§ Instructions to follow
The entries that follow include a run beginning at the line with "Technician observing medical" and ending at the line with "Aigostar - Proiettore"; restate that run word for word and leave the rest out.

§ Task inputs
────────

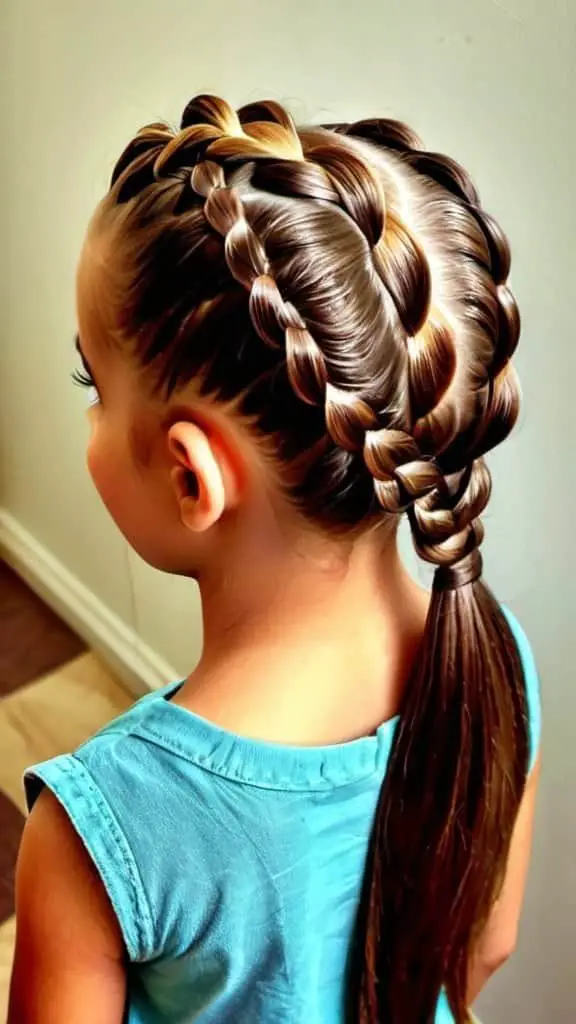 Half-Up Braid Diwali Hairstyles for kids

────────

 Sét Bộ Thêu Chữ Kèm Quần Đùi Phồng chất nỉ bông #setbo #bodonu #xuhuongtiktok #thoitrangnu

────────

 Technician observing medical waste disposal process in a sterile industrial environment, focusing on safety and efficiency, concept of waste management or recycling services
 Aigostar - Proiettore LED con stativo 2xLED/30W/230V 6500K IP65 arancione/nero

────────

§ Written solution
 Technician observing medical waste disposal process in a sterile industrial environment, focusing on safety and efficiency, concept of waste management or recycling services
 Aigostar - Proiettore LED con stativo 2xLED/30W/230V 6500K IP65 arancione/nero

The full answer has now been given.